A new report examining the state of FinTech across the globe suggests that while FinTech investment is in a fairly healthy state, public market performance will present future challenges both for investors and startups.
The Pulse of Fintech, a quarterly report produced as a joint venture between KPMG and CB Insights, noted that FinTech companies in North America raised $1.8 billion in Q1 2016 — but that number is still well under the $2.7 billion high reached in Q3 2015. Corporate participation in deals to North American FinTech companies rose for the second straight quarter and hit a 5-quarter high at 26 percent.
“Global VC investment into the technology sector may be experiencing a bit of a pause, however FinTech, propelled by some very large mega-rounds, has proven to be an exception to the rule,” said Warren Mead, Global co-leader of FinTech at KPMG International. “Investors are putting money into FinTech companies all over the world — from the traditional strongholds of China, the US and the UK — to up and coming FinTech hubs like Singapore, Australia and Ireland.”
The report said that North American public FinTech companies — particularly in the lending space — are struggling with share prices, and that consolidation in the space is likely over the next 12 months. At the same time, payments is no longer a key component of FinTech investment globally; there were few startups in the payments space during Q1 2016, which the report notes is likely due to market saturation and the success of companies like Square and Stripe.
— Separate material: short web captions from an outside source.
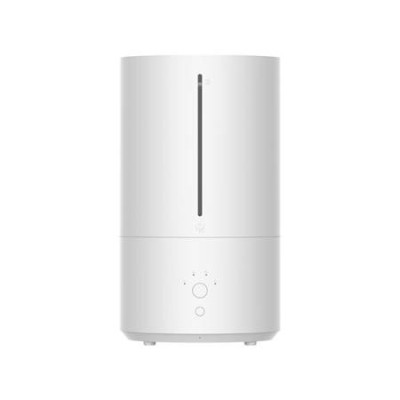 Зволожувач Повітря Xiaomi Smart Humidifier 2 Зволожувач Повітря Xiaomi Smart Humidifier 2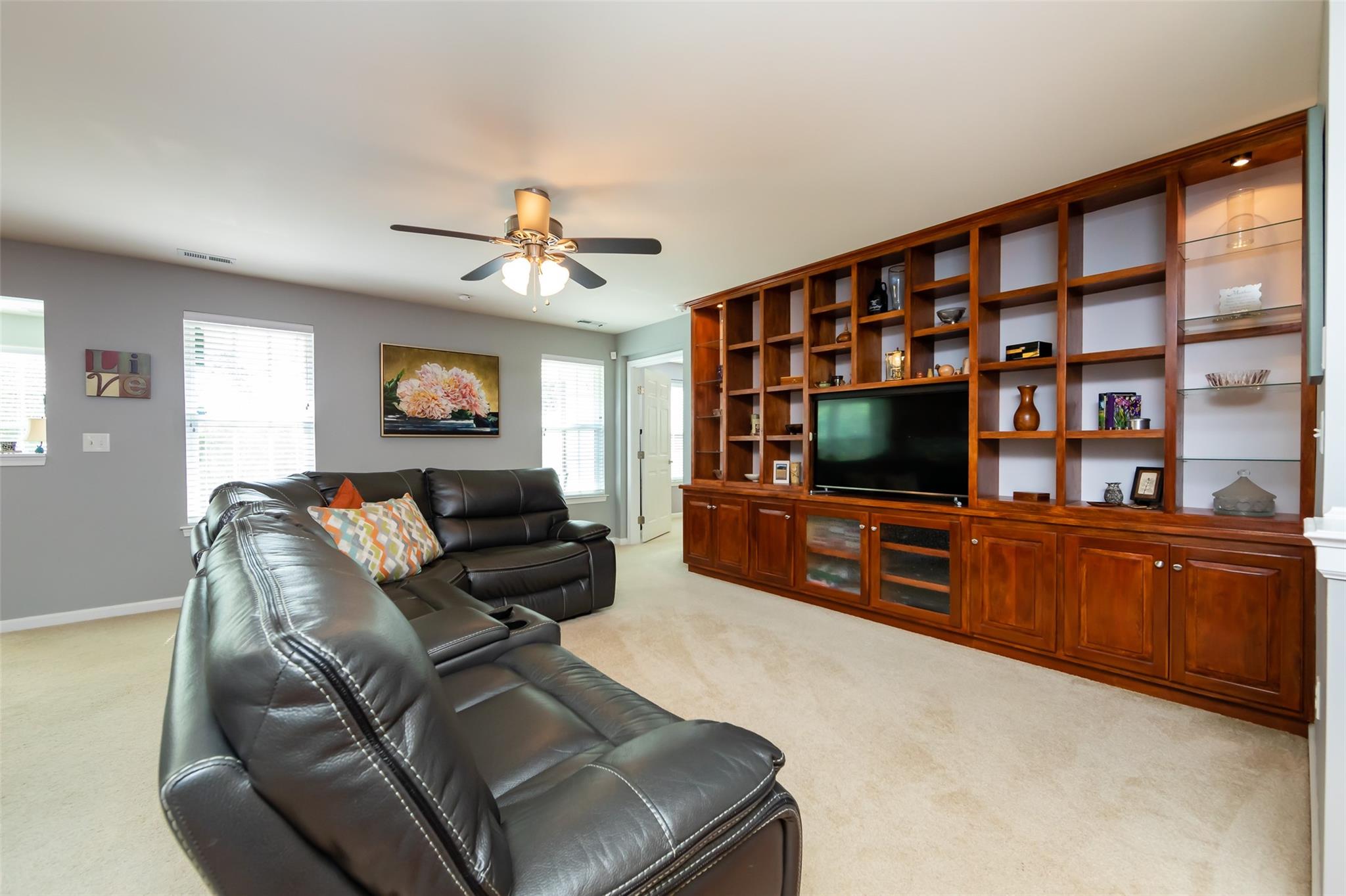 Glendalough - Residential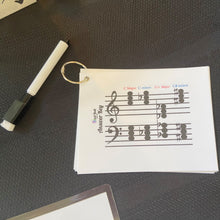 Load image into Gallery viewer, Triad Roll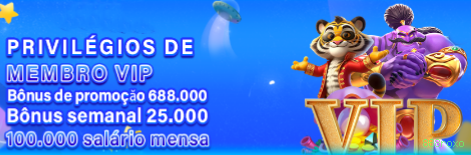 Apostas de Basquete 888roxo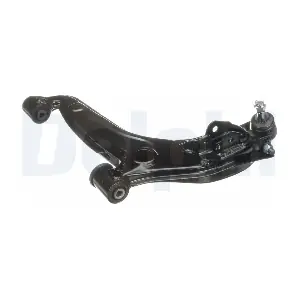 TC6706 DELPHI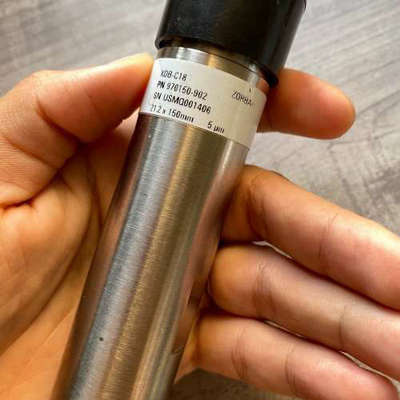 台州设备液相色谱柱970150-902 ZORBAX Ecli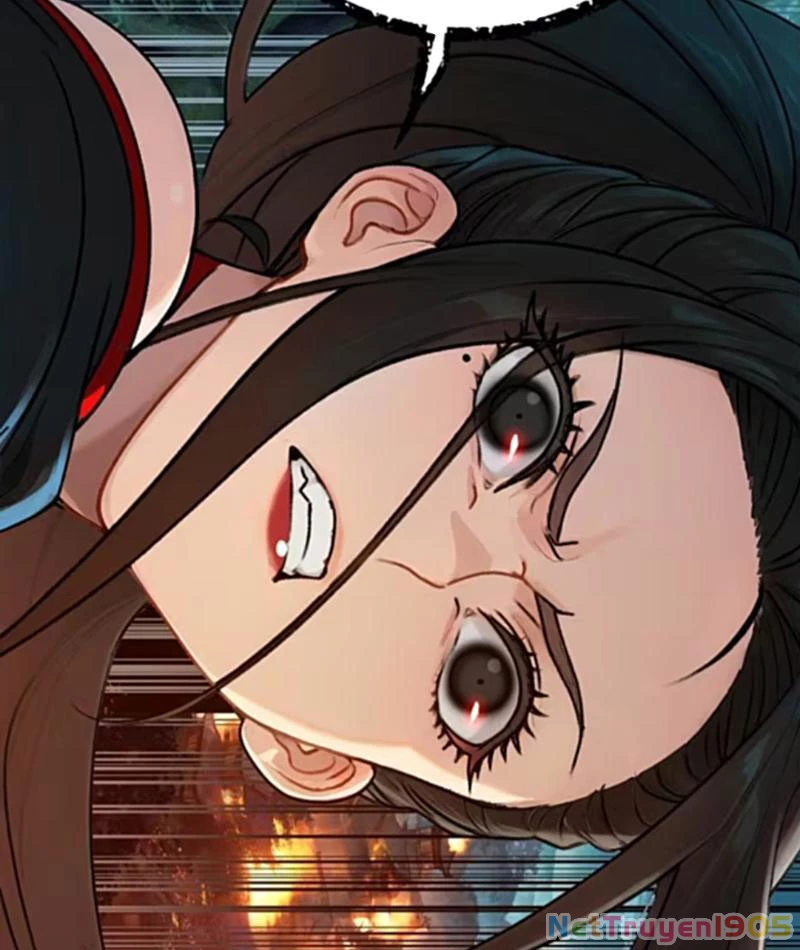 Sư Phụ Lại Là Kẻ Thù Giết Cha Chapter 1 - 43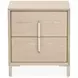 Lotus Bay Sand Yout Panel Bedroom Set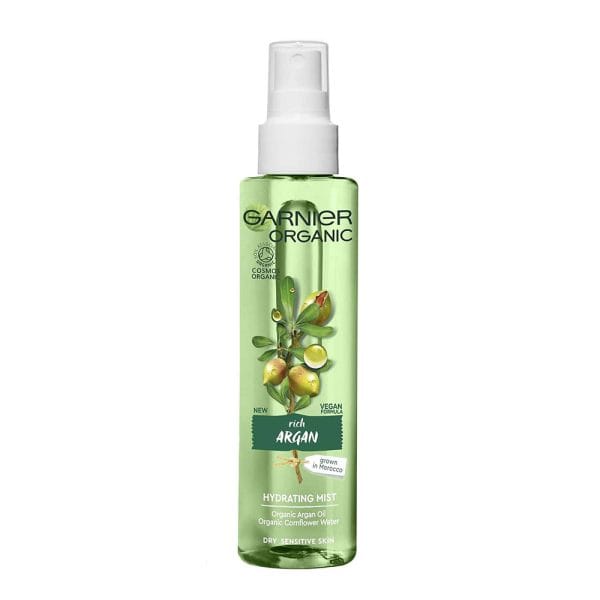 rich argan hydration mist min.jpg22 min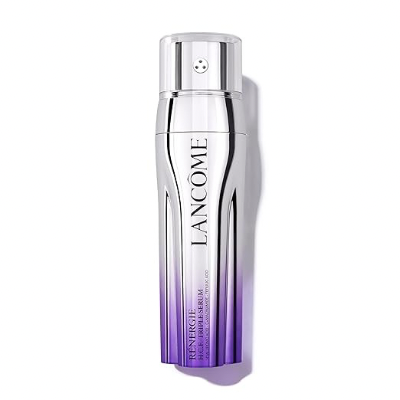 Lancôme Renergie H.C.F. Triple Serum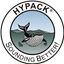 HYPACK icon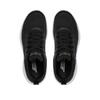 Sneakers Skechers Bobs Sport Infinity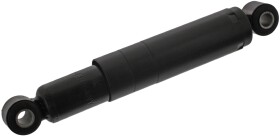 Амортизатор Febi 20298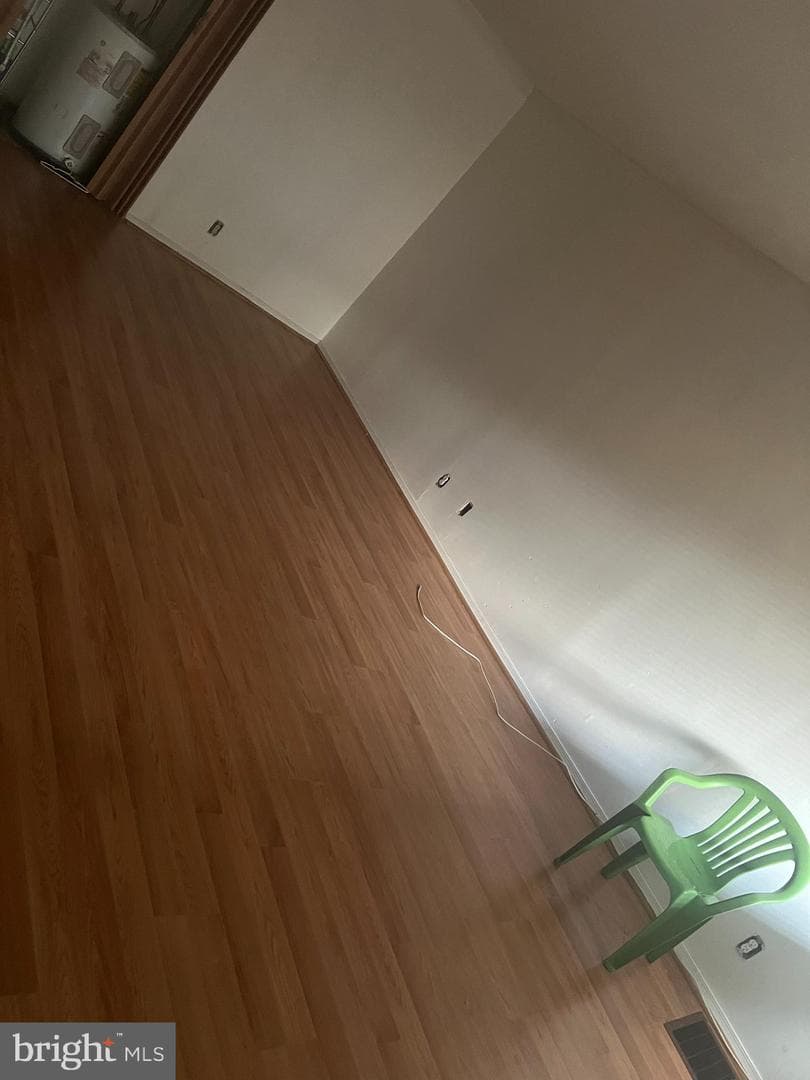 3914 Stone Gate Drive #d photo 3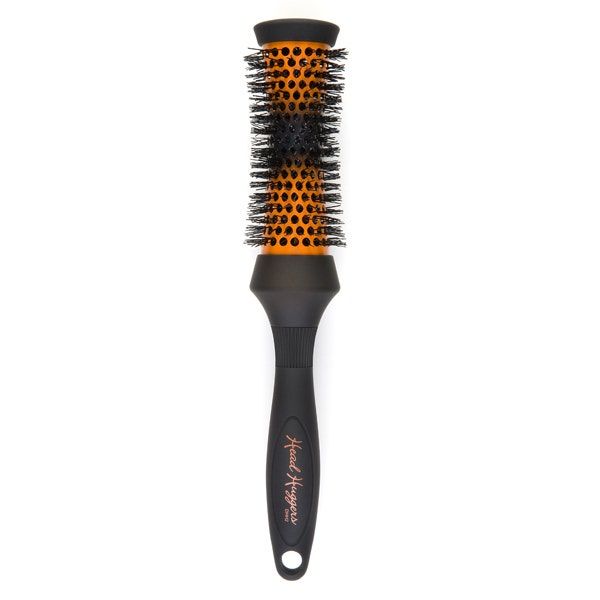 Denman Head Hugging Hot Curl Brush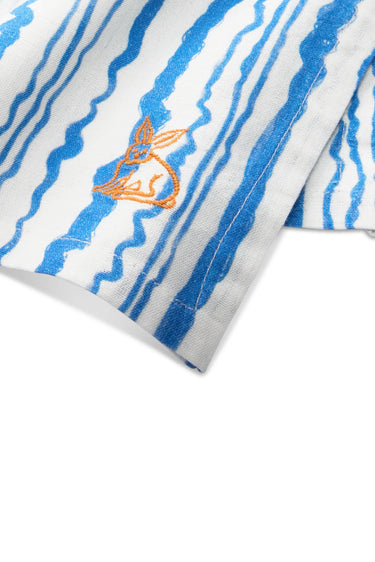 Napkin Set | Cotton Flex Coniglio Palm Beach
However, over the next 12 months, VC investment in robo-advisory is expected to grow, especially among corporate investors that want to embed the technology within their service offerings.
“While FinTech startups continue to attract large investment both in the US and abroad, and investors gravitate to areas yet untouched by much tech innovation including insurance, recent events and public market performance suggest that growth-stage FinTech fundraising will be harder to come by moving forward in 2016.” said Anand Sanwal, CEO at CB Insights.
Collaboration with banks and startups is also increasing globally. “The reality is the banks generally have three options when it comes to FinTech: build their own proprietary technology, acquire a relevant FinTech company in order to gain access to their technology, or partner with a FinTech company to identify and achieve synergies,” the report said.